This module allows you to analyze existing cross correlation between Citigroup and Barclays PLC. You can compare the effects of market volatilities on Citigroup and Barclays PLC and check how they will diversify away market risk if combined in the same portfolio for a given time horizon. You can also utilize pair trading strategies of matching a long position in Citigroup with a short position of Barclays PLC. See also your portfolio center. Please also check ongoing floating volatility patterns of Citigroup and Barclays PLC.
|Horizon||30 Days Login to change|
Over the last 30 days Citigroup has generated negative risk-adjusted returns adding no value to investors with long positions. Despite somewhat strong basic indicators, Citigroup is not utilizing all of its potentials. The latest stock price disturbance, may contribute to short term losses for the investors.
Compared to the overall equity markets, risk-adjusted returns on investments in Barclays PLC are ranked lower than 5 (%) of all global equities and portfolios over the last 30 days. In defiance of relatively weak forward-looking signals, Barclays PLC may actually be approaching a critical reversion point that can send shares even higher in November 2019.
Citigroup and Barclays PLC Volatility Contrast
Predicted Return Density
Citigroup Inc vs.
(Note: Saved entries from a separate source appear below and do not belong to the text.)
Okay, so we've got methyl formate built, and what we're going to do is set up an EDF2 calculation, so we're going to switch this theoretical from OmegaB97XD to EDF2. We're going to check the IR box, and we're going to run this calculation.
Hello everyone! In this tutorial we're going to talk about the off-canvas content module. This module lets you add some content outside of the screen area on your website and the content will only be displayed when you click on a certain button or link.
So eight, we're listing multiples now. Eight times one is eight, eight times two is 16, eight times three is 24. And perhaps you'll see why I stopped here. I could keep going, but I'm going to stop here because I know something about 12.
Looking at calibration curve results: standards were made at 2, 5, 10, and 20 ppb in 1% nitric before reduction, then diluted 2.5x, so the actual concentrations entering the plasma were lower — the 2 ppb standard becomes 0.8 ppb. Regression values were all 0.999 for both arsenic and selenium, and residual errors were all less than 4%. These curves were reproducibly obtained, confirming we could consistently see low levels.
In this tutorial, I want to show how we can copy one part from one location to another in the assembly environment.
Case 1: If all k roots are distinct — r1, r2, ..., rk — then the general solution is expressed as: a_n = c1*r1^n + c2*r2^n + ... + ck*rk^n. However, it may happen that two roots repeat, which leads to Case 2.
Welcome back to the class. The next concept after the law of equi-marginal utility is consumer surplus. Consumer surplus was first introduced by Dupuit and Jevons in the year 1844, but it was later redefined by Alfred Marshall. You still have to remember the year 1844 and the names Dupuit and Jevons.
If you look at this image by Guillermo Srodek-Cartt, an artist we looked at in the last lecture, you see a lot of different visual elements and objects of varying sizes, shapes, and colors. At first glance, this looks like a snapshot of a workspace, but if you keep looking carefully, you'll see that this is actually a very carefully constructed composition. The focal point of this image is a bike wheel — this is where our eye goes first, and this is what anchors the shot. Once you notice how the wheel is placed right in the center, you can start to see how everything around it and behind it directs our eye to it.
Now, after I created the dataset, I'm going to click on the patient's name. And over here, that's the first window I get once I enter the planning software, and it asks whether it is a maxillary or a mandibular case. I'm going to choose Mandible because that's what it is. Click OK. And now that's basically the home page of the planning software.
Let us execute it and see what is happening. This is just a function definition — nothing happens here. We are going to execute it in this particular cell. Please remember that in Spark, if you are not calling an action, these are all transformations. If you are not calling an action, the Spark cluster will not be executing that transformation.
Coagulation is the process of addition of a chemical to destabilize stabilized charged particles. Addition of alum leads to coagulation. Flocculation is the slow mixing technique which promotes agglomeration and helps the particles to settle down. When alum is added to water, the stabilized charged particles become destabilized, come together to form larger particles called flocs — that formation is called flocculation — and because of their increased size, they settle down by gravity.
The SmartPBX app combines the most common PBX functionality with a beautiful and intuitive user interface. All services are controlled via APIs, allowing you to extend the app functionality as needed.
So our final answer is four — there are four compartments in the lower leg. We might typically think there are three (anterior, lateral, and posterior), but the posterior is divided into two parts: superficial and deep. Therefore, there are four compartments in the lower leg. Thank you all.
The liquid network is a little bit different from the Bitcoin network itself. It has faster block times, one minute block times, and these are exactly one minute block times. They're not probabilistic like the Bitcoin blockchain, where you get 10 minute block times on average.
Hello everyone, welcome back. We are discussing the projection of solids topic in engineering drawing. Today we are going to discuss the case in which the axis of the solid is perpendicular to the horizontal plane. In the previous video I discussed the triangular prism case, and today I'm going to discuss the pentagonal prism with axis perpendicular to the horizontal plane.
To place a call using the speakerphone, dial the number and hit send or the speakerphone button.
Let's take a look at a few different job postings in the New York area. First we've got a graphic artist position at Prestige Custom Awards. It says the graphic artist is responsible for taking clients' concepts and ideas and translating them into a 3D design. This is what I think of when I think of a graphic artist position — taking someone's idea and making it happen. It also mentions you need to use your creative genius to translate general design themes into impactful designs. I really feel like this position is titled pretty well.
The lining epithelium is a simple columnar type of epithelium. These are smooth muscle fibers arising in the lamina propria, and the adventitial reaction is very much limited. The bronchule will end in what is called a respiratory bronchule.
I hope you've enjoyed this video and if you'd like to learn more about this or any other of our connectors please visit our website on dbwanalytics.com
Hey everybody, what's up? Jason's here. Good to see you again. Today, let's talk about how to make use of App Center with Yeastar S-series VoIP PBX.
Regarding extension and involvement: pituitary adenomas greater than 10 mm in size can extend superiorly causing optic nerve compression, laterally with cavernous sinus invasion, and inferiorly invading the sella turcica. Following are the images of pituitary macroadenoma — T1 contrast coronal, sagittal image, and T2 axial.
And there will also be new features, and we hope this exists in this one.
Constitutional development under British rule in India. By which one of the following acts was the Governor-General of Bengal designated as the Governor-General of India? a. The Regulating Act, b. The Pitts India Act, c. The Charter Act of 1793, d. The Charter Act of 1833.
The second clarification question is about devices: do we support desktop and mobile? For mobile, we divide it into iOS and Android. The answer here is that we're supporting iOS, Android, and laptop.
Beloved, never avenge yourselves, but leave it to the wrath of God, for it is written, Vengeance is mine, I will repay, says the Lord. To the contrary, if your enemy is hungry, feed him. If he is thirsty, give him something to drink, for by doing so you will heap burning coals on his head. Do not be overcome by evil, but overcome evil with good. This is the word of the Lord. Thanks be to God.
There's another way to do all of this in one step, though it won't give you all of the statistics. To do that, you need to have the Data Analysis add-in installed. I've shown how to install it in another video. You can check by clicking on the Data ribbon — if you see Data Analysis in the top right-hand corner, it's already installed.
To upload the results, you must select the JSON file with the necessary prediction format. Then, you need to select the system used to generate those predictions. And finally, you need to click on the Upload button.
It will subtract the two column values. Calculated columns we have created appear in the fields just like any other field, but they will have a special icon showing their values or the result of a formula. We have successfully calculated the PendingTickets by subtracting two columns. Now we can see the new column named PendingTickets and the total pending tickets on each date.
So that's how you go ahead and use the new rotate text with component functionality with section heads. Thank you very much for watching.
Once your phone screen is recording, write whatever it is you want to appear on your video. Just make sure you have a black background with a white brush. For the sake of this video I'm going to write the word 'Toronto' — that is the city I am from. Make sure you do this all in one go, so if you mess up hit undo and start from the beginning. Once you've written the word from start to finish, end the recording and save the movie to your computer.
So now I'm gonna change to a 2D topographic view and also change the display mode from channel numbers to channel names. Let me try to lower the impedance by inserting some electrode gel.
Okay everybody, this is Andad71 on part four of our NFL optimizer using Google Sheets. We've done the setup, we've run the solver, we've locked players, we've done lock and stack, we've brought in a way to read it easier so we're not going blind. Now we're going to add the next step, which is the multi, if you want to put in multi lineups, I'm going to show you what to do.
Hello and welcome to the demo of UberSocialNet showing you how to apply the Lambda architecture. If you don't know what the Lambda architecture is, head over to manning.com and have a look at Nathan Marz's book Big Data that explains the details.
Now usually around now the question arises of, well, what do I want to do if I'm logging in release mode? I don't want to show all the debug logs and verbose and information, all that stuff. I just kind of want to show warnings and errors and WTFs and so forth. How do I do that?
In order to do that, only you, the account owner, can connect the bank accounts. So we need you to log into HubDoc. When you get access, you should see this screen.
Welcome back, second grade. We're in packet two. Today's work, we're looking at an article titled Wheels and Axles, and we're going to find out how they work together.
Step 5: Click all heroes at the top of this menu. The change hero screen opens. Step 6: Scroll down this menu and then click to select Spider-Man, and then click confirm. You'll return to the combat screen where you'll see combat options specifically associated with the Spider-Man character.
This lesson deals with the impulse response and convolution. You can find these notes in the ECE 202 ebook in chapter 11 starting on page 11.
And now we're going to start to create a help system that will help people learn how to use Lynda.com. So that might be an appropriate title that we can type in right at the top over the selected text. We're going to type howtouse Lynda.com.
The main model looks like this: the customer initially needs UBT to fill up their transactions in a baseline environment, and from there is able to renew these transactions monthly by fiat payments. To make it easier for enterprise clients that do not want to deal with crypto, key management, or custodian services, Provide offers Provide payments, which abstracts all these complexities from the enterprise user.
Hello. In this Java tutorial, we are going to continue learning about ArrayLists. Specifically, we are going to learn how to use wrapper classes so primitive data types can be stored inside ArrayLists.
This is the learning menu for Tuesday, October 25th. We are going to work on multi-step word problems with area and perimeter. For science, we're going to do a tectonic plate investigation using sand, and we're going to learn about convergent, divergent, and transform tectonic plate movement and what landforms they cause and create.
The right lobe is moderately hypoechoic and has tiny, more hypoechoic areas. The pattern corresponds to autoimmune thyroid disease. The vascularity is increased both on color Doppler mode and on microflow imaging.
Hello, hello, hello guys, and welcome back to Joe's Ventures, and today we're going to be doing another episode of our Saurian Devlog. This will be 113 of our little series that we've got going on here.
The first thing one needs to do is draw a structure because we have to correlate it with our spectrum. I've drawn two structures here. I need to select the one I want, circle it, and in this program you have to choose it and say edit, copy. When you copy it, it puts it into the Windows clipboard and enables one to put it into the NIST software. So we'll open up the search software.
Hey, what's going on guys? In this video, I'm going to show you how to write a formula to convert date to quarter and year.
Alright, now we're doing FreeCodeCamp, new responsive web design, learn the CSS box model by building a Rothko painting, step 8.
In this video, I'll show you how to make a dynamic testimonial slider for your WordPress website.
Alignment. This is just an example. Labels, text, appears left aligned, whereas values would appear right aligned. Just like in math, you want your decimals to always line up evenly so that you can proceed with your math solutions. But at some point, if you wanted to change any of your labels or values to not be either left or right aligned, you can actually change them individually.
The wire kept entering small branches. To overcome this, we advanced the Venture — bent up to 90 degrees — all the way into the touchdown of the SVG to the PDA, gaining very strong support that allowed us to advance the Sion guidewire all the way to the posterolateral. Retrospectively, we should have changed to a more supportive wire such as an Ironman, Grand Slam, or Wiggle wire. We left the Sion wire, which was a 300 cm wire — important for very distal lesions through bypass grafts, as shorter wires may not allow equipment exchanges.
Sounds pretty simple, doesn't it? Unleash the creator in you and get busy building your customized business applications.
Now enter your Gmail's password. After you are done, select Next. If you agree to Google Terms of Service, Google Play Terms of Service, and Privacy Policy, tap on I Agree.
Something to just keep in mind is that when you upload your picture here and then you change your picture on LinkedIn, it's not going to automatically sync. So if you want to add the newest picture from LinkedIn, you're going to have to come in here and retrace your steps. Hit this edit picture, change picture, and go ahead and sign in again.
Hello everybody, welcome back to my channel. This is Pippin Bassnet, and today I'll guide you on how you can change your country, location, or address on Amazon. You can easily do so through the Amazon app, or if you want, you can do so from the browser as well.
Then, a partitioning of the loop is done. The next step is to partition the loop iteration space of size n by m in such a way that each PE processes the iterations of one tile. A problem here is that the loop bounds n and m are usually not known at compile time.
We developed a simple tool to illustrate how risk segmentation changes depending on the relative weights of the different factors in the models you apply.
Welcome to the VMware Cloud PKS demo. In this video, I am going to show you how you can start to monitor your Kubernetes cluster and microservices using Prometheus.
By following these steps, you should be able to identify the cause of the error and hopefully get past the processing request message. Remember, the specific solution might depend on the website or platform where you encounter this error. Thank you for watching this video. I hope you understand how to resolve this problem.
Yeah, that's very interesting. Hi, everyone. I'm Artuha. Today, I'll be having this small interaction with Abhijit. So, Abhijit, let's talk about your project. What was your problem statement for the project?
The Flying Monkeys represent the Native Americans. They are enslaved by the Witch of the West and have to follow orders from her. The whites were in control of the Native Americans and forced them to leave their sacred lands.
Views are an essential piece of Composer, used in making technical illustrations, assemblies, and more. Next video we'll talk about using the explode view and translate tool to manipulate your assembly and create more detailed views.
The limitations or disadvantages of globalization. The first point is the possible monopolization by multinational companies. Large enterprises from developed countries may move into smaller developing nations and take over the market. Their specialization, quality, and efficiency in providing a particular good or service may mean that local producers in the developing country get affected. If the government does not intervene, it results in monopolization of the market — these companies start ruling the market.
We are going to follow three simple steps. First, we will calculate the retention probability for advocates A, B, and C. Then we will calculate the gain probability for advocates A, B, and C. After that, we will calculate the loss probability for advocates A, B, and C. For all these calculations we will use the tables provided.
Barclays PLC
Taking into account the 30 trading days horizon, Citigroup is expected to generate 6.69 times less return on investment than Barclays PLC. But when comparing it to its historical volatility, Citigroup is 1.13 times less risky than Barclays PLC. It trades about 0.01 of its potential returns per unit of risk. Barclays PLC is currently generating about 0.08 of returns per unit of risk over similar time horizon. If you would invest 775.00 in Barclays PLC on September 21, 2019 and sell it today you would earn a total of 77.00 from holding Barclays PLC or generate 9.94% return on investment over 30 days.
Pair Corralation between Citigroup and Barclays PLC
|Time Period||3 Months [change]|
Diversification Opportunities for Citigroup and Barclays PLC
Very poor diversification
Overlapping area represents the amount of risk that can be diversified away by holding Citigroup Inc and Barclays PLC in the same portfolio assuming nothing else is changed. The correlation between historical prices or returns on Barclays PLC and Citigroup is a relative statistical measure of the degree to which these equity instruments tend to move together. The correlation coefficient measures the extent to which returns on Citigroup are associated (or correlated) with Barclays PLC. Values of the correlation coefficient range from -1 to +1, where. The correlation of zero (0) is possible when the price movement of Barclays PLC has no effect on the direction of Citigroup i.e. Citigroup and Barclays PLC go up and down completely randomly.